# *To catch a protagonist* in DraCor
**by Ingo Börner**

In the paper [*To catch a Protagonist: Quantitatice Domninance Relations in German-Language Drama (1730-1930)*](https://dh2018.adho.org/to-catch-a-protagonist-quantitative-dominance-relations-in-german-language-drama-1730-1930/) ({cite:t}`fischer_catch_2018`) an algorithm is described, that allows to identify characters that are the quantitatively dominant characters of a play based on a set of network-based and count based measures:

> In order to systematically describe the extent of this deviation, we calculate eight values for each character of the 465 dramas of our corpus, three count-based measures (number of scenes a character appears in, number of speech acts, number of spoken words) and five network-related measures (degree, weighted degree, betweenness centrality, closeness centrality, eigenvector centrality). For each measurement a ranking is created. The rankings are then merged into two meta-rankings: one count-based and one network-based. The two meta-rankings are then combined into an overall ranking.
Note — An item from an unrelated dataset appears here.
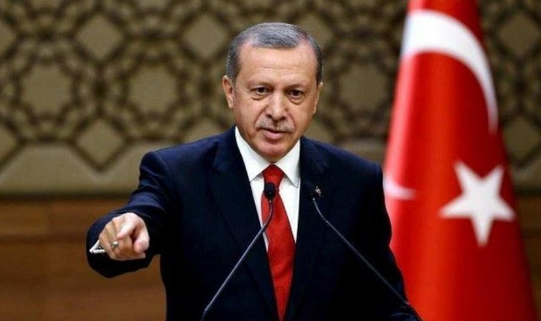 أردوغان يهدد أوروبا باللاجئين واليونان تمنعهم بالقوة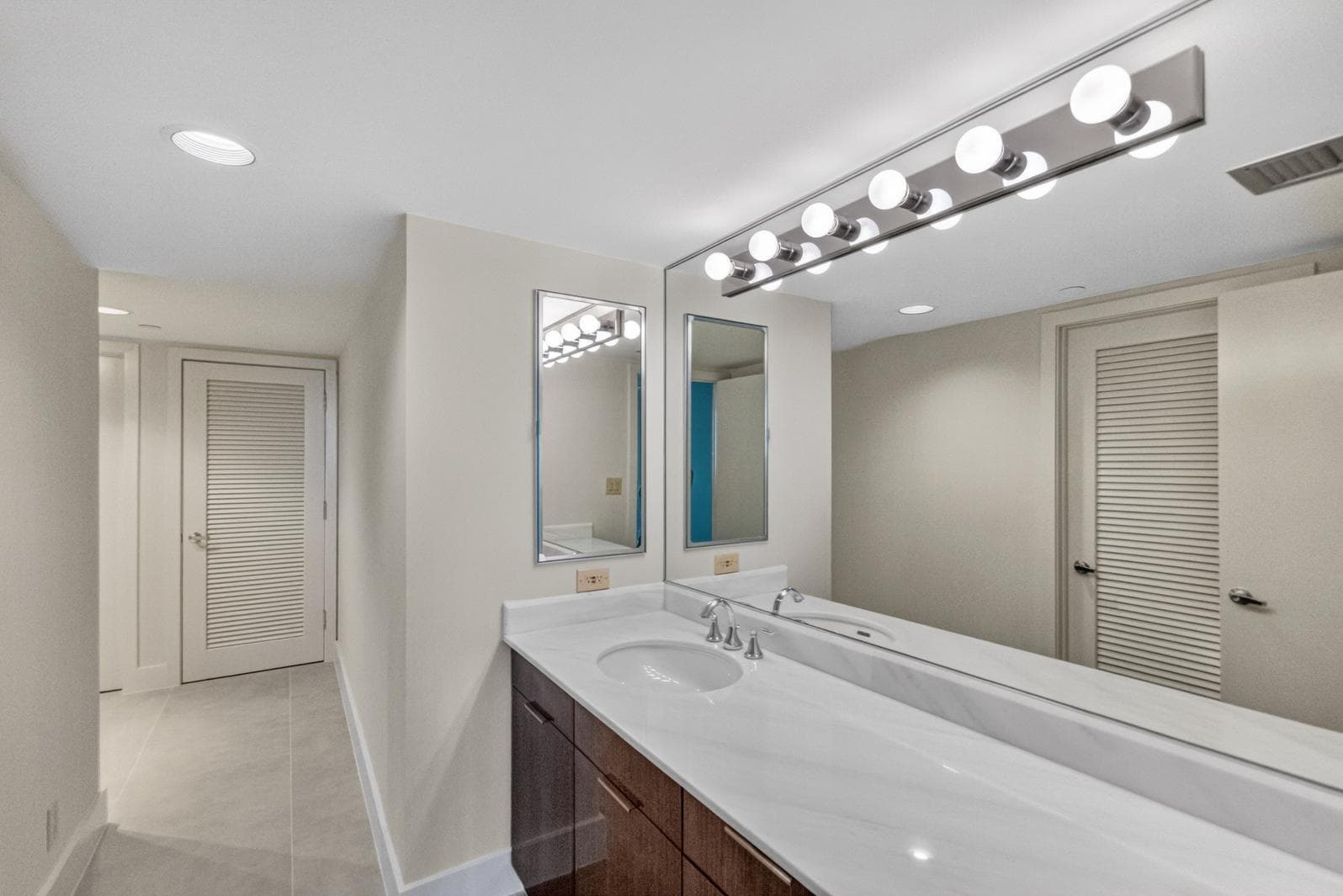 100 Lakeshore Drive 1755, North Palm Beach, FL 33408 — photo 48 of 97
The original algorithm was implemented in the tool [Dramavis](https://github.com/lehkost/dramavis) by Christopher Kittel. *Dramavis* operates on XML ["zwischenformat"](https://dlina.github.io/Introducing-Our-Zwischenformat) files created in the [DLINA](https://dlina.github.io) project. 

The following notebook adapts the code of the respective modules to work with data returned by the [DraCor API](https://dracor.org/doc/api). The aim is to be able to recreate the `*_chars.csv`-files that were used in the study. The data can be found in the [repository](https://github.com/dlina/catch-protagonist) on github in the folder [`allmetrics`](https://github.com/dlina/catch-protagonist/tree/main/data/allmetrics).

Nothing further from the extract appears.